SpecialInt = Annotated[int, "metadata 1", [1, 2, 3], 100]
get_args(SpecialInt)
(int, 'metadata 1', [1, 2, 3], 100)

2-2. 簡化重複的變數設定

Pydantic makes extensive use of Annotated types, especially useful for creating re-usable types.

Pydantic 常將 Annotated types 使用在重覆使用的自訂型態:

keep our code DRY (Don’t Repeat Yourself)
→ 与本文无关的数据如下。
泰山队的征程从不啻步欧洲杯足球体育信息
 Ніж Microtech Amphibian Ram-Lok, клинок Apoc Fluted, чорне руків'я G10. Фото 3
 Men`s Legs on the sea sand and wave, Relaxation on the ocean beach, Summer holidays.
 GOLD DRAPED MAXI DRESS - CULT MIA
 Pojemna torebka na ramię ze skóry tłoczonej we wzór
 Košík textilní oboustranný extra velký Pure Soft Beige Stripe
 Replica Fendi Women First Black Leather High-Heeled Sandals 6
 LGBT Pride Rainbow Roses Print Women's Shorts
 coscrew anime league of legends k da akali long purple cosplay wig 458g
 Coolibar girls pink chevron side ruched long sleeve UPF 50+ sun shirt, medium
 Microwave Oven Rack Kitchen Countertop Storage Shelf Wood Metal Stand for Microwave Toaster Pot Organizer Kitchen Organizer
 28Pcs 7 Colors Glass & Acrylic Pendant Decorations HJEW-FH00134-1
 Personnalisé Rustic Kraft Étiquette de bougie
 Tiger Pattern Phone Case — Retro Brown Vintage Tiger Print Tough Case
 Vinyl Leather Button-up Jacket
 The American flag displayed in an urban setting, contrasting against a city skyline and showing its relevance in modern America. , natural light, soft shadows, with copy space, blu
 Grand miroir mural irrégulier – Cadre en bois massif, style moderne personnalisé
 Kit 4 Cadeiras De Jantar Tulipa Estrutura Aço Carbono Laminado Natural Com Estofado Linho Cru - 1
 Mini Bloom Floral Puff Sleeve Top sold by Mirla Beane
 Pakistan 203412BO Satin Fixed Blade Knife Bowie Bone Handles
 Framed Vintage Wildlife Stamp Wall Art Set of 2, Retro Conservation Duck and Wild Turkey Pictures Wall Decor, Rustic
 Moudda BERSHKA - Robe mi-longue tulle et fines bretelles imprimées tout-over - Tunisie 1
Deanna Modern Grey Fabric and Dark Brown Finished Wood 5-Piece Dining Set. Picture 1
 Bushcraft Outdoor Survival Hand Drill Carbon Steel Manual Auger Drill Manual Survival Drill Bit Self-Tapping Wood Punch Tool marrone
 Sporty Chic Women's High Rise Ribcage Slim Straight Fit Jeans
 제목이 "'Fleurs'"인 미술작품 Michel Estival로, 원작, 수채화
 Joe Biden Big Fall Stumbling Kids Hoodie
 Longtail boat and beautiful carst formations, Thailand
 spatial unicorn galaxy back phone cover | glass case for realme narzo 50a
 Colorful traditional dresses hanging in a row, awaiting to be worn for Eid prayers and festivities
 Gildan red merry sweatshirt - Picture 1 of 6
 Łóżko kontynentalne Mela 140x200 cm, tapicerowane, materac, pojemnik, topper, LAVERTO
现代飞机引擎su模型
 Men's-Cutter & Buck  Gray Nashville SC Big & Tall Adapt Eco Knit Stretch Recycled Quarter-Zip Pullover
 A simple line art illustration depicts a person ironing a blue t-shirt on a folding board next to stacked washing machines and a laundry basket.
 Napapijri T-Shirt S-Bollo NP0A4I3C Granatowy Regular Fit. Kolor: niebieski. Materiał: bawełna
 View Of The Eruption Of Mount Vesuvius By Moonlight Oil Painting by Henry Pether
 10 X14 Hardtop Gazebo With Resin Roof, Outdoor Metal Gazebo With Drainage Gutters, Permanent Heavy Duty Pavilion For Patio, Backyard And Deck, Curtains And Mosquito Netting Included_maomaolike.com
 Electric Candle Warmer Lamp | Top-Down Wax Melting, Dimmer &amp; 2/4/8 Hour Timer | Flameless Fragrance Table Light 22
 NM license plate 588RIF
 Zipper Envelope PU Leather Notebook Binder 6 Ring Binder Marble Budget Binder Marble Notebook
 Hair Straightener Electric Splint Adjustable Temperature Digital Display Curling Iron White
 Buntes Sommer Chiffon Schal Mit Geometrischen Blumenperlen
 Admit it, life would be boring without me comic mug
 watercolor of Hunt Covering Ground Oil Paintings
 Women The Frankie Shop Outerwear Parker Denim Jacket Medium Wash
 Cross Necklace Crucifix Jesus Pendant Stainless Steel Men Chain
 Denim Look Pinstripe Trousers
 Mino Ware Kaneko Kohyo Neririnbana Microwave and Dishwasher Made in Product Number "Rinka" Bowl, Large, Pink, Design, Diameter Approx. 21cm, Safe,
from pydantic import BaseModel, Field, ValidationError

+BoundedInt = Annotated[int, Field(gt=0, le=100)]

class Model(BaseModel):
-    x: int = Field(gt=0, le=100)
-    y: int = Field(gt=0, le=100)
-    z: int = Field(gt=0, le=100)
+    x: BoundedInt
+    y: BoundedInt
+    z: BoundedInt

## 然後證明上述兩種寫法的結果相同
Model.model_fields

證明上述兩種寫法的結果相同。而且不只可以使用在這個 class 中。

{'x': FieldInfo(annotation=int, required=True, metadata=[Gt(gt=0), Le(le=100)]),
 'y': FieldInfo(annotation=int, required=True, metadata=[Gt(gt=0), Le(le=100)]),
 'z': FieldInfo(annotation=int, required=True, metadata=[Gt(gt=0), Le(le=100)])}

2-3. 型態驗證(Validation)依然有效

Model(x=10, y=20, z=30)

try:
    Model(x=0, y=10, z=103)
except ValidationError as ex:
    print(ex)
Model(x=10, y=20, z=30)

2 validation errors for Model
x
  Input should be greater than 0 [type=greater_than, input_value=0, input_type=int]
    For further information visit https://errors.pydantic.dev/2.7/v/greater_than
z
  Input should be less than or equal to 100 [type=less_than_equal, input_value=103, input_type=int]
    For further information visit https://errors.pydantic.dev/2.7/v/less_than_equal

2-4. 也可以僅在 Model 中使用

from pydantic import BaseModel, Field, ValidationError

class Model(BaseModel):
    field_1: Annotated[int, Field(gt=0)] = 1
    field_2: Annotated[str, Field(min_length=1, max_length=10)] | None = None

Model()

Model(field_1=10)

Model(field_2="Python")

try:
    Model(field_1=-10, field_2 = "Python" * 3)
except ValidationError as ex:
    print(ex)
Model(field_1=1, field_2=None)

Model(field_1=10, field_2=None)

Model(field_1=1, field_2='Python')

2 validation errors for Model
field_1
  Input should be greater than 0 [type=greater_than, input_value=-10, input_type=int]
    For further information visit https://errors.pydantic.dev/2.7/v/greater_than
field_2
  String should have at most 10 characters [type=string_too_long, input_value='PythonPythonPython', input_type=str]
    For further information visit https://errors.pydantic.dev/2.7/v/string_too_long

▌3. Annotated Types and Type Variables

3-1. TypeVar 型別變數/泛型

T = TypeVar('T')  # Can be anything
S = TypeVar('S', bound=str)  # Can be any subtype of str
A = TypeVar('A', str, bytes)  # Must be exactly str or bytes

U = TypeVar('U', bound=str|bytes)  # Can be any subtype of the union str|bytes
V = TypeVar('V', bound=SupportsAbs)  # Can be anything with an __abs__ method

我們已經在 2-2 看過,使用 Annotated types 來簡化重覆使用的自訂型態。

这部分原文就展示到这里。